Directions - Apart from the pictures, every part of the records below gets retyped exactly.

+---+

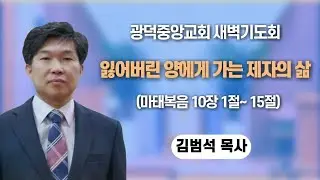 [ 2월 4일 ] 마태복음 9장 1절~13절, 잃어버린 양에게로 가는 제자로의 삶, 광덕중앙교회 새벽기도회 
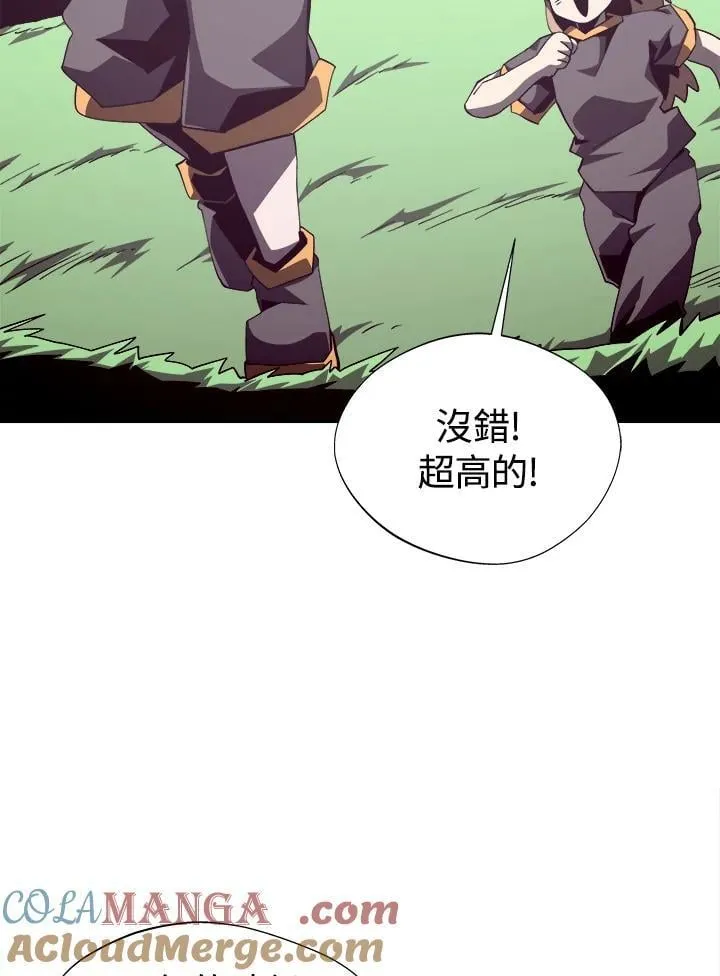 第78话4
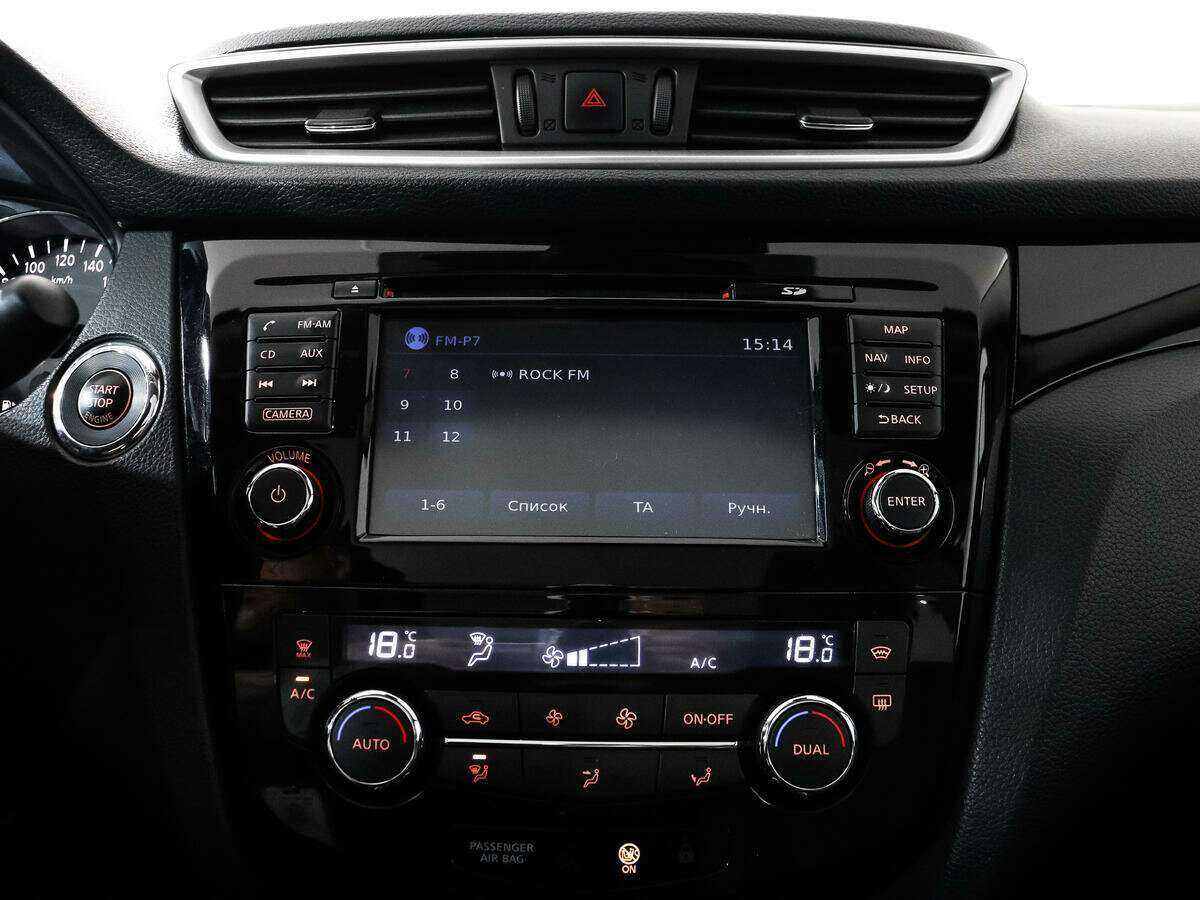 Nissan Qashqai б/у, 2014, Вариатор. Фото: #17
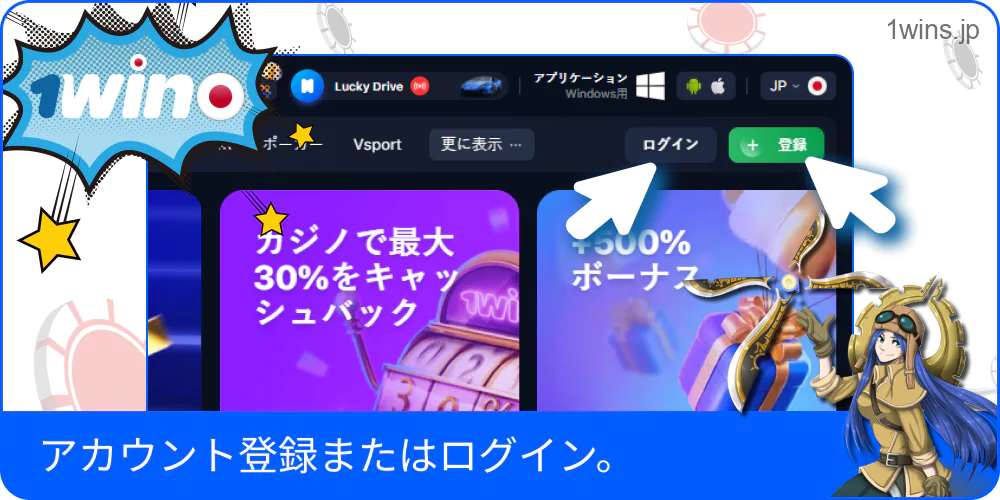 1win アカウント登録またはログイン中の日本ユーザーの操作画面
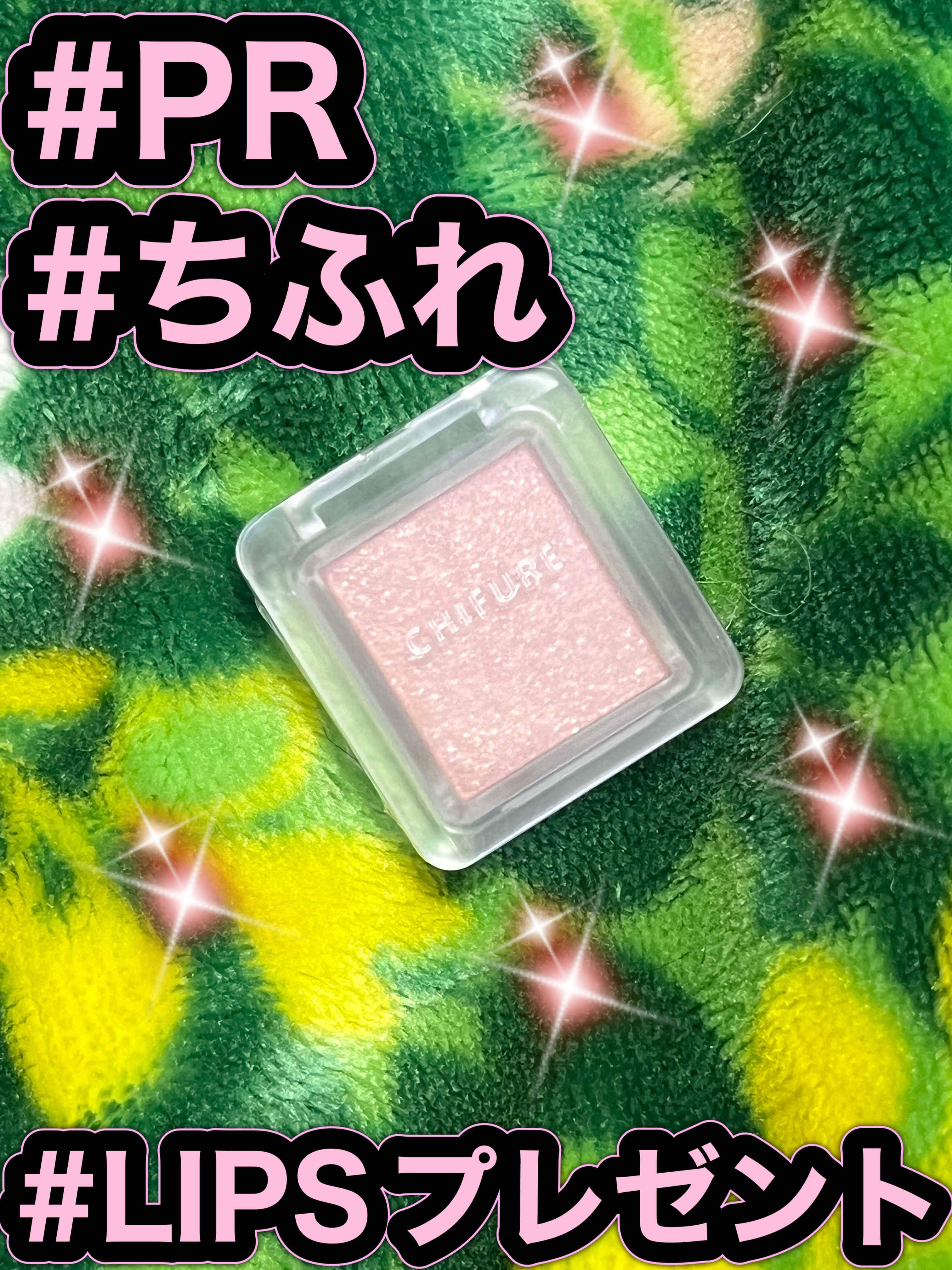 シングル カラー アイシャドウ 102 ピンク系/ちふれ/単色アイシャドウを使ったクチコミ（1枚目）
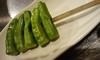 Shishito green pepper Shishito green pepper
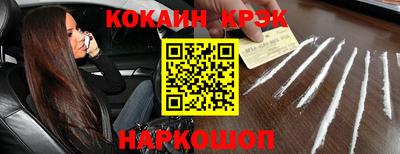 шишки Рязань
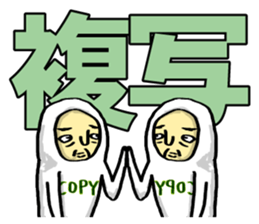 Mr. Futamoji 2 sticker #14734115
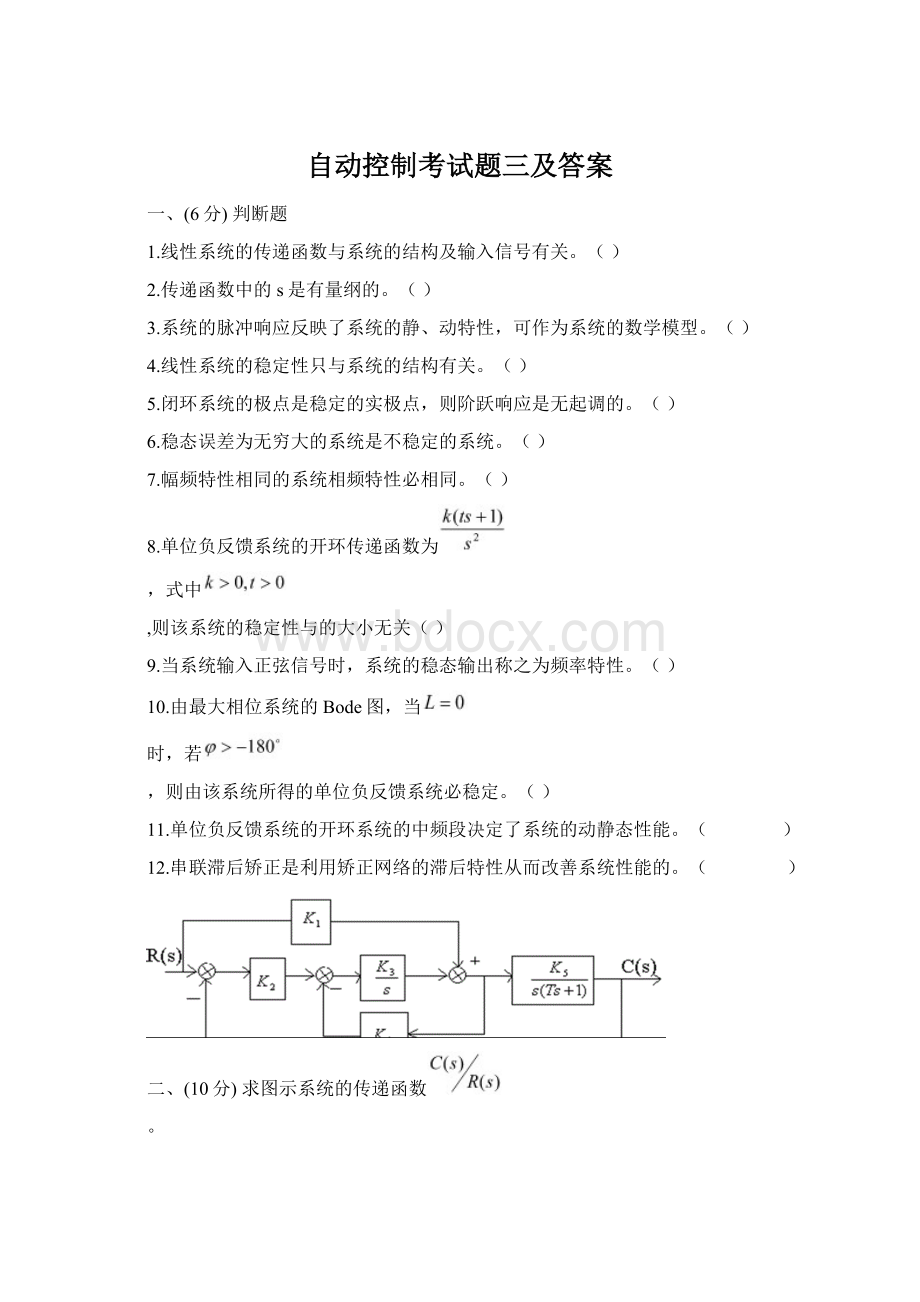 自动控制考试题三及答案.docx_第1页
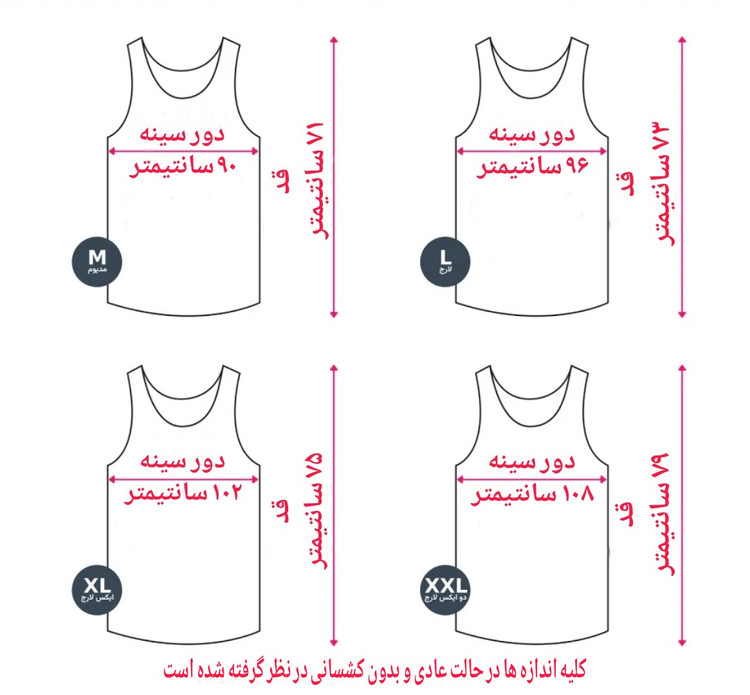 زیرپوش رکابی مردانه اکتیو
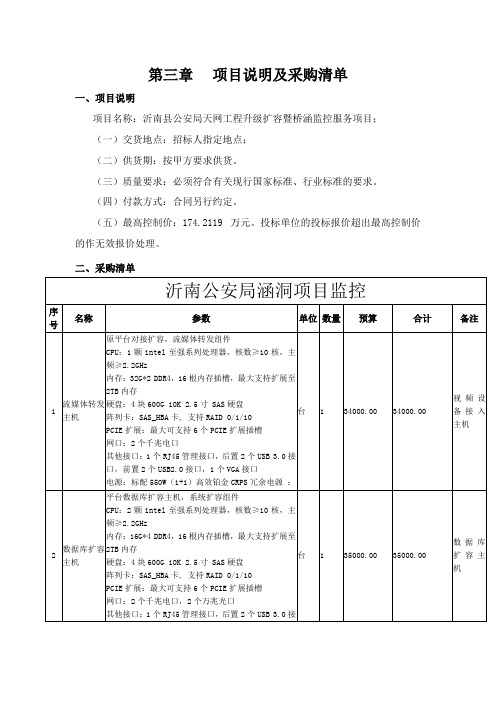 项目说明及采购清单【模板】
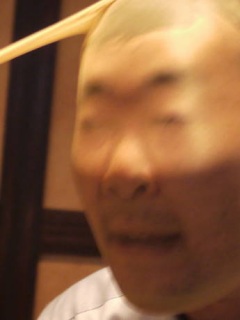 �嗬�s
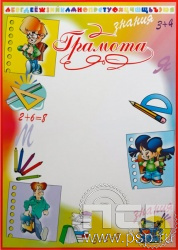 ГР-6. Грамота Образование 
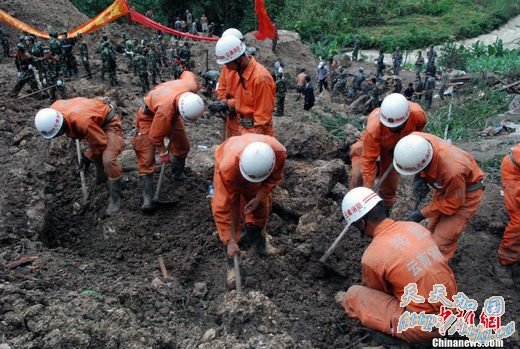 9��3�գ����ϱ�ɽ����ɽ�廬�¾��ֹ�����������ؽ��С�.����ʡ��ɽ������ͨ��������9��3��16��30�֣��������ش�ɽ�廬������16��������32��ʧ�١� �����緢 ���ư� ��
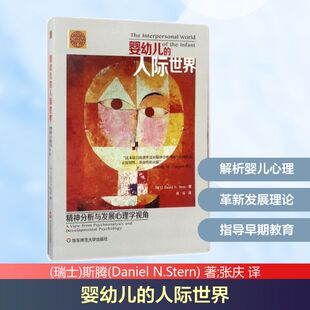 著;张庆 人际世界 Daniel 婴幼儿 译 新华书店正版 瑞士 心理学社科 精神分析与发展心理学视角 图书籍 斯腾 著 N.Stern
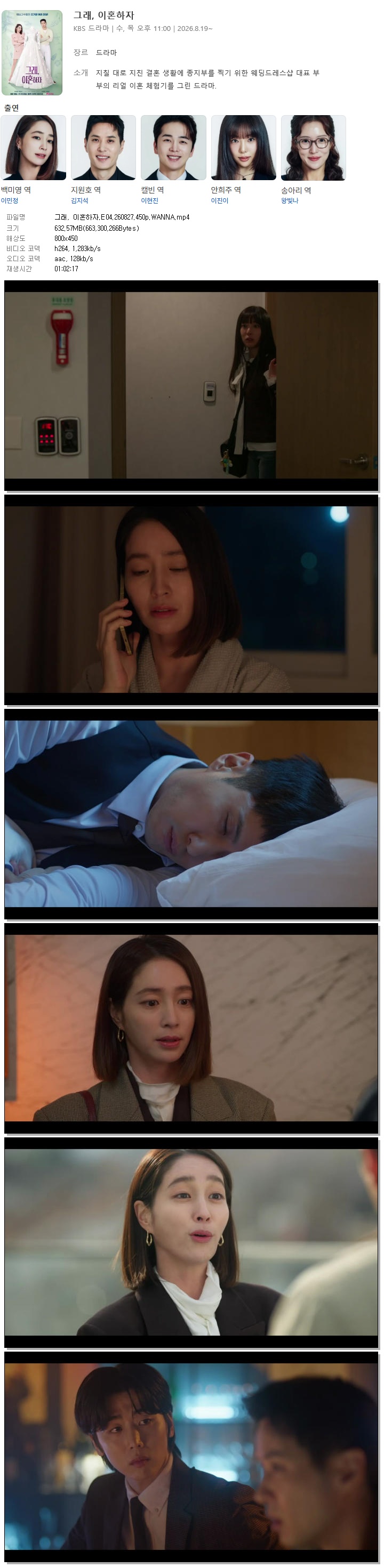 그래, 이혼하자.E04.260827.450p.WANNA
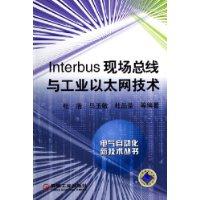 Interbus现场总线与工业以太网技术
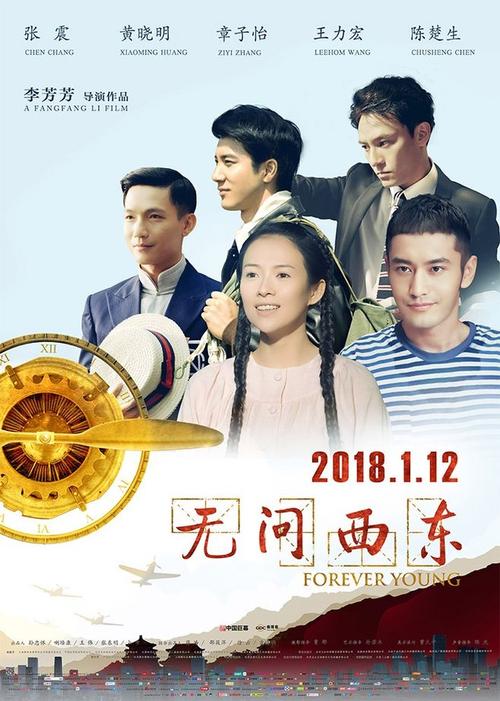 的里雅斯特高级国际学校本科毕业证
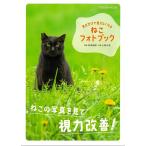 ねこフォトブック−見るだけで目がよくなる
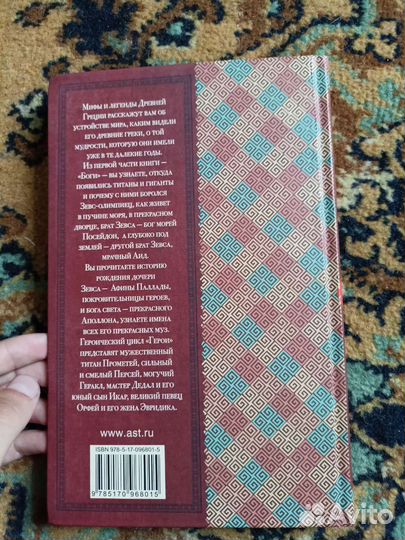 Книги для школьников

+---+

Answer box -
 [ 2월 4일 ] 마태복음 9장 1절~13절, 잃어버린 양에게로 가는 제자로의 삶, 광덕중앙교회 새벽기도회 
 第78话4
 Nissan Qashqai б/у, 2014, Вариатор. Фото: #17
 1win アカウント登録またはログイン中の日本ユーザーの操作画面
 シングル カラー アイシャドウ 102 ピンク系/ちふれ/単色アイシャドウを使ったクチコミ（1枚目）
 Shishito green pepper Shishito green pepper
 шишки Рязань
 Mr. Futamoji 2 sticker #14734115
 自动控制考试题三及答案.docx_第1页
 زیرپوش رکابی مردانه اکتیو
 项目说明及采购清单【模板】
 �嗬�s
 ГР-6. Грамота Образование 
 9��3�գ����ϱ�ɽ����ɽ�廬�¾��ֹ�����������ؽ��С�.����ʡ��ɽ������ͨ��������9��3��16��30�֣��������ش�ɽ�廬������16��������32��ʧ�١� �����緢 ���ư� ��
 著;张庆 人际世界 Daniel 婴幼儿 译 新华书店正版 瑞士 心理学社科 精神分析与发展心理学视角 图书籍 斯腾 著 N.Stern
 그래, 이혼하자.E04.260827.450p.WANNA
 Interbus现场总线与工业以太网技术
 的里雅斯特高级国际学校本科毕业证
 ねこフォトブック−見るだけで目がよくなる
 Книги для школьников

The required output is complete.